_WORK INSTRUCTION_
From the first line of the data down to the line bearing "RED SCALE FIRST OF THE ROLL", output every line exactly and include no pictures.

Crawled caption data
===============

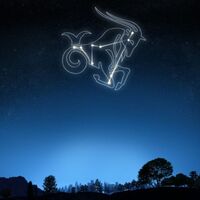 14 Ocak hangi burç?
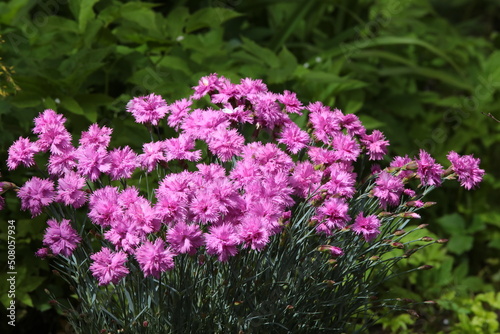 Pink carnation flowers in a sunny green garden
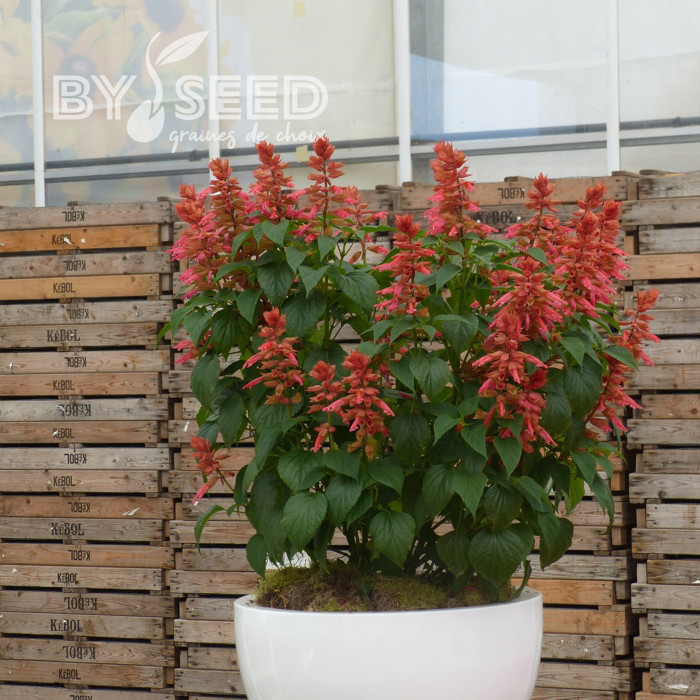 Sauge annuelle Estella Coral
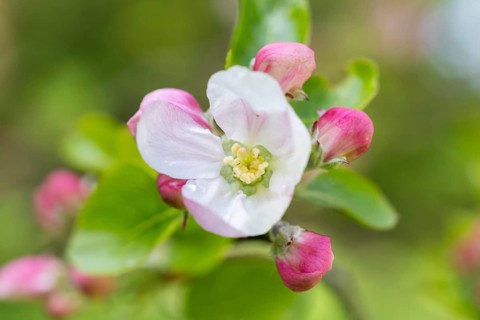 Blossom apple tree, Germany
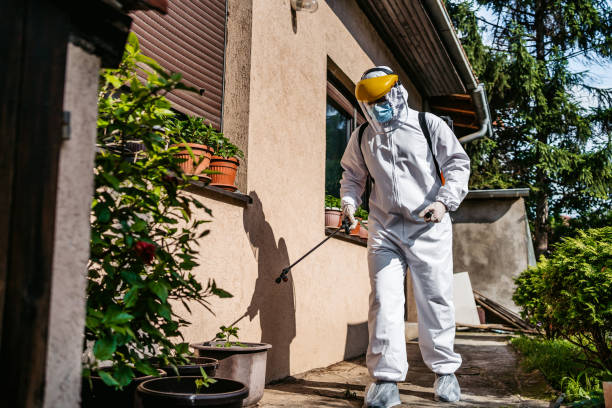 Wasp Removal Services in Mattituck, NY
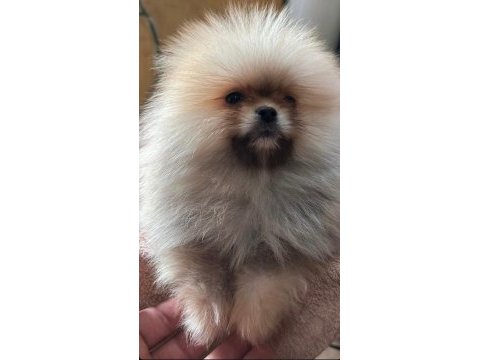 Pomeranian boo yavrular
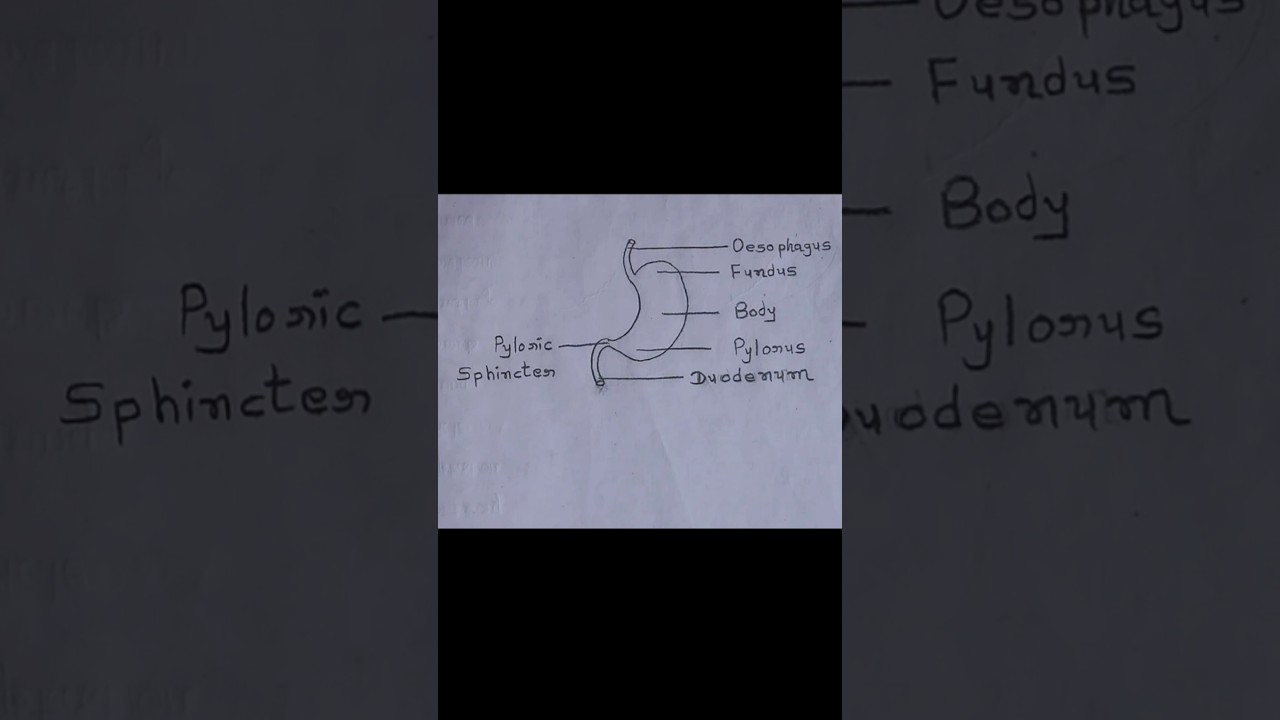 Labelled Stomach Diagram #shorts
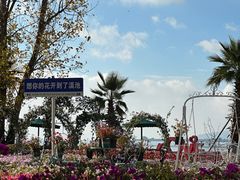 -海埂大坝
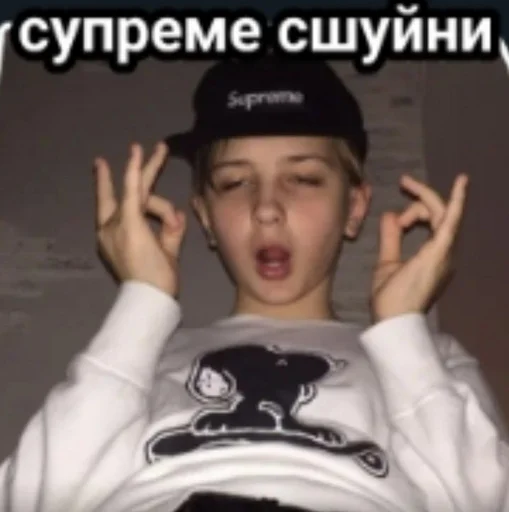 Sticker L1Z1m4_by_EmojiRuBot - 1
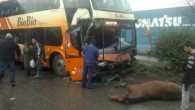 Un camión que transitaba por el sector Palomares, en el ingreso a Concepción...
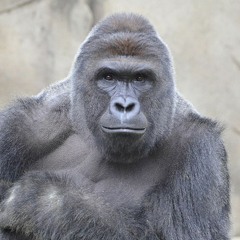 harambae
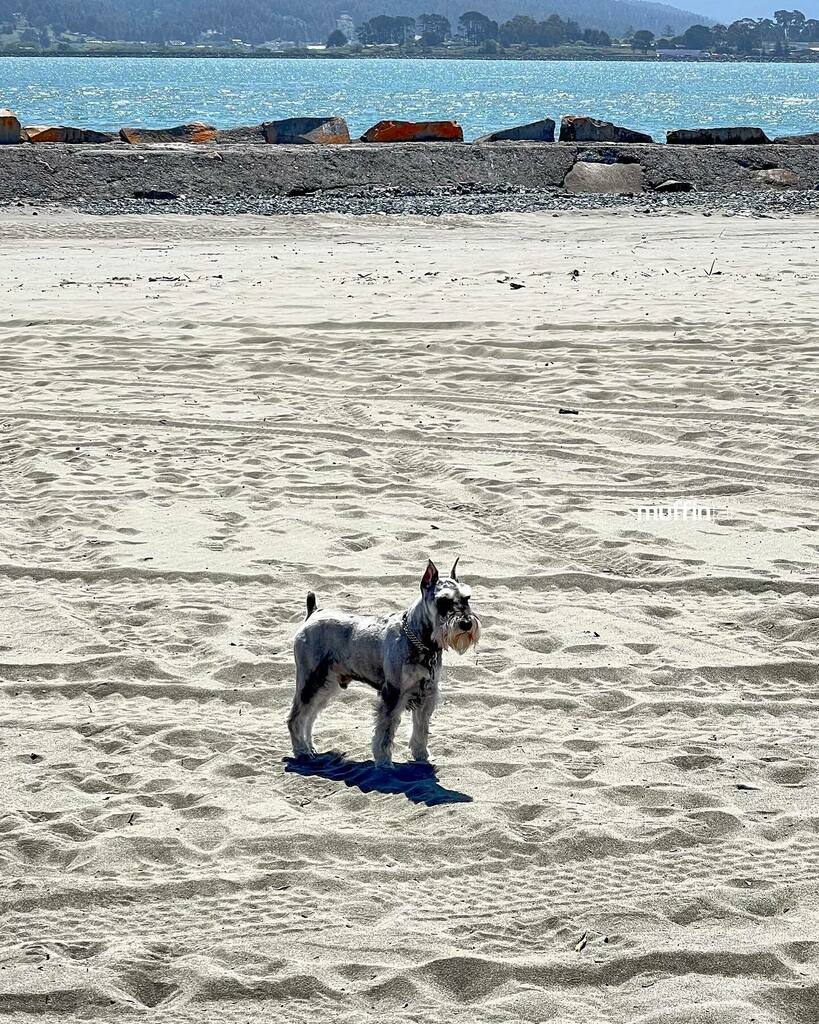 muffinjai's tweet photo. π©΄ #SamoaDunes #Humboldt π We have the entire beach! β± #VisitCalifornia πΊπΈ So windy π¨πΆπΎπ¨π¦ #MiniatureSchnauzer #Schnauzer https://t.co/pxQlOAS0mM #dogsofinstagram #dogsoftwitter #schnauzergang #schnauzeroftwitter #schnauzer #minischnauzer #miniatureschnauzer #schnauzers #β¦ https://t.co/siV7Ja4fNY
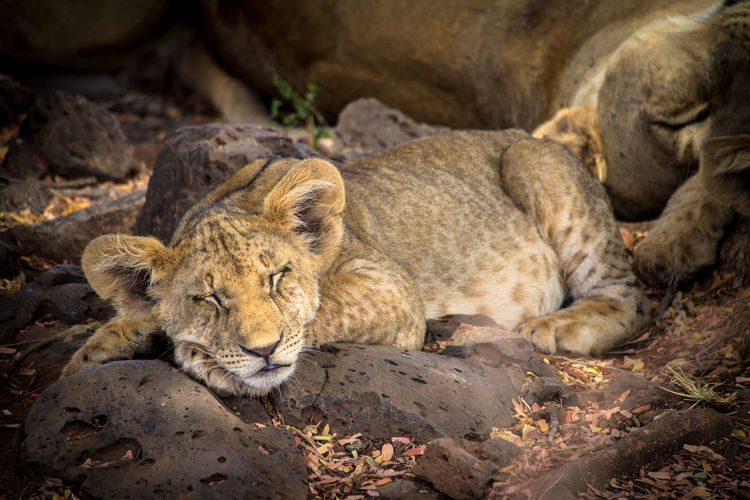 Lion cub sleeping on rocks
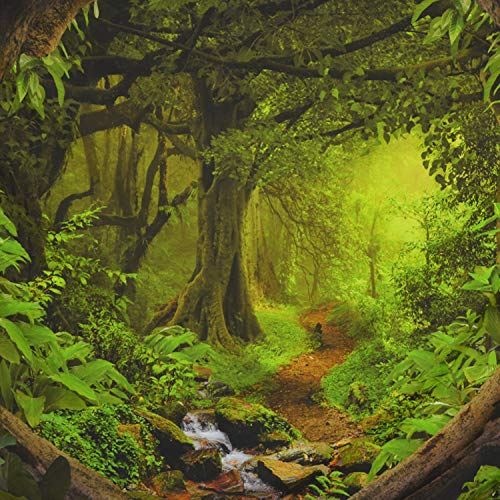 Tushelia Forest Tapestry Nature Tree Cave Tapestry Wall Hanging Misty Forest Tapestry Stream Through Rainforest Tapestry Landscape Wall Tapestry Jungle Creek Psychedelic Tapestry For Living Room thumb #5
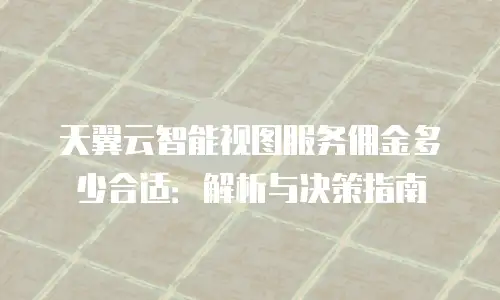 天翼云智能视图服务佣金多少合适：解析与决策指南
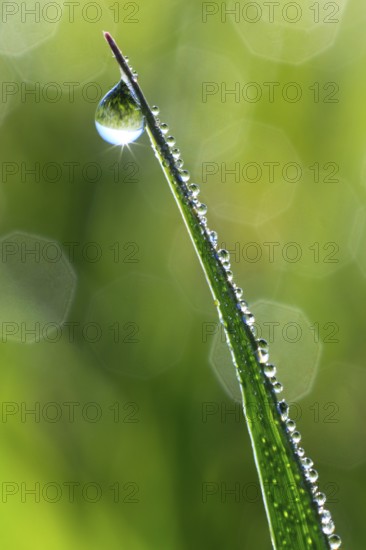 Blade of grass with dew drops, Switzerland, Europe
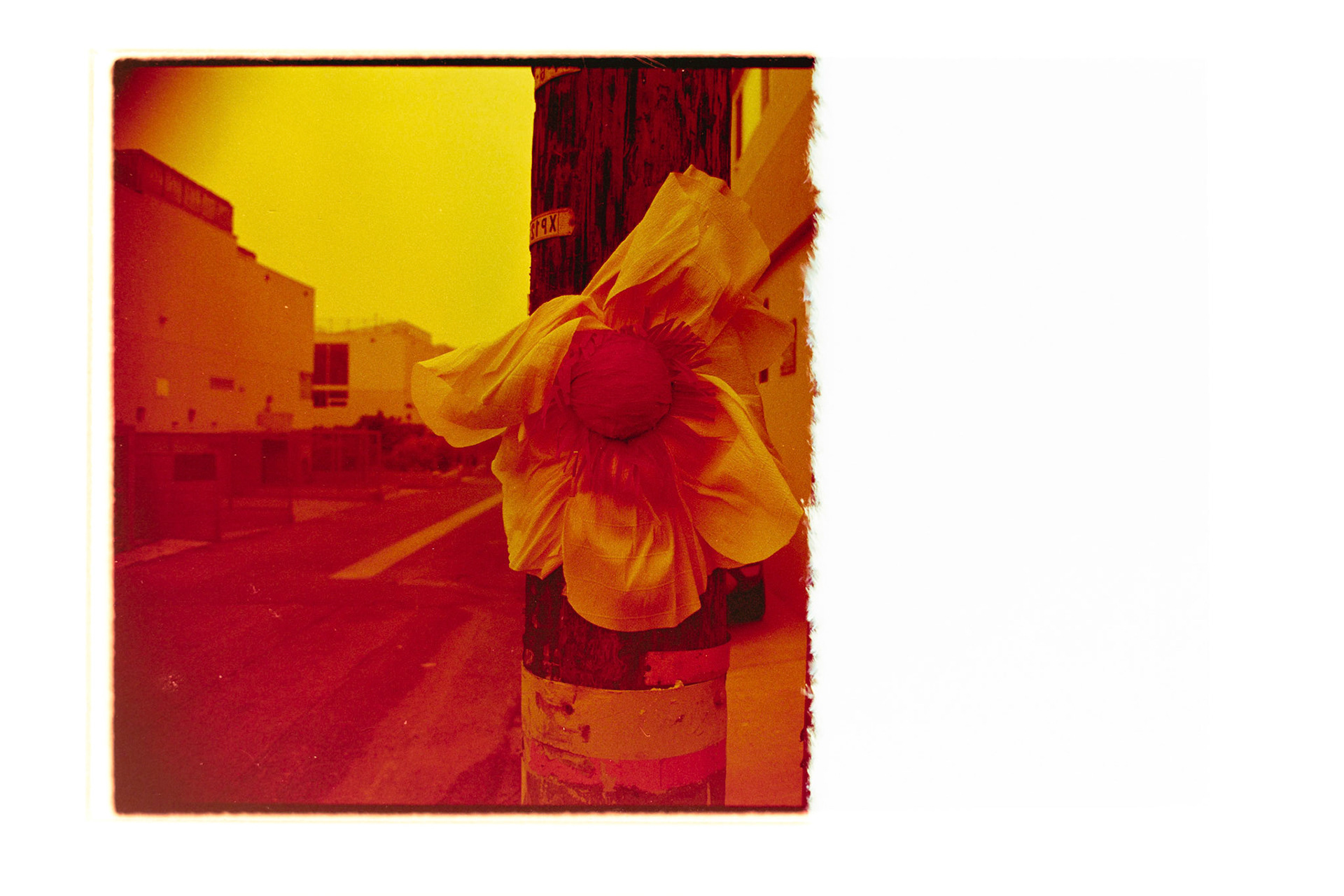 RED SCALE FIRST OF THE ROLL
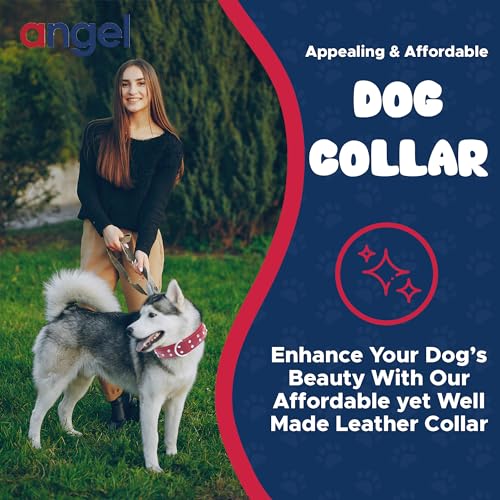 Stylish Red Rhinestone Leather Dog Collar | VIP Collection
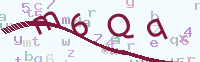 看不清楚？點(diǎn)擊可獲取新的驗(yàn)證碼.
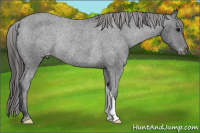 Horse Color:Black Appaloosa Rabicano 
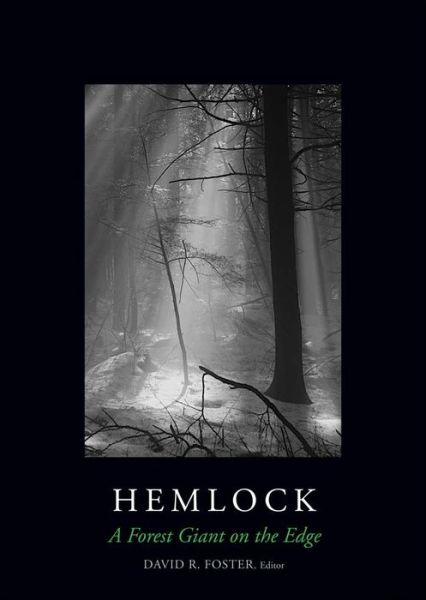 Cover for Anthony D'Amato · Hemlock: A Forest Giant on the Edge (Hardcover Book) (2014)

===============

_SOLUTION TO THIS EXERCISE_
 14 Ocak hangi burç?
 Pink carnation flowers in a sunny green garden
 Sauge annuelle Estella Coral
 Blossom apple tree, Germany
 Wasp Removal Services in Mattituck, NY
 Pomeranian boo yavrular
 Labelled Stomach Diagram #shorts
 -海埂大坝
 Sticker L1Z1m4_by_EmojiRuBot - 1
 Un camión que transitaba por el sector Palomares, en el ingreso a Concepción...
 harambae
 muffinjai's tweet photo. π©΄ #SamoaDunes #Humboldt π We have the entire beach! β± #VisitCalifornia πΊπΈ So windy π¨πΆπΎπ¨π¦ #MiniatureSchnauzer #Schnauzer https://t.co/pxQlOAS0mM #dogsofinstagram #dogsoftwitter #schnauzergang #schnauzeroftwitter #schnauzer #minischnauzer #miniatureschnauzer #schnauzers #β¦ https://t.co/siV7Ja4fNY
 Lion cub sleeping on rocks
 Tushelia Forest Tapestry Nature Tree Cave Tapestry Wall Hanging Misty Forest Tapestry Stream Through Rainforest Tapestry Landscape Wall Tapestry Jungle Creek Psychedelic Tapestry For Living Room thumb #5
 天翼云智能视图服务佣金多少合适：解析与决策指南
 Blade of grass with dew drops, Switzerland, Europe
 RED SCALE FIRST OF THE ROLL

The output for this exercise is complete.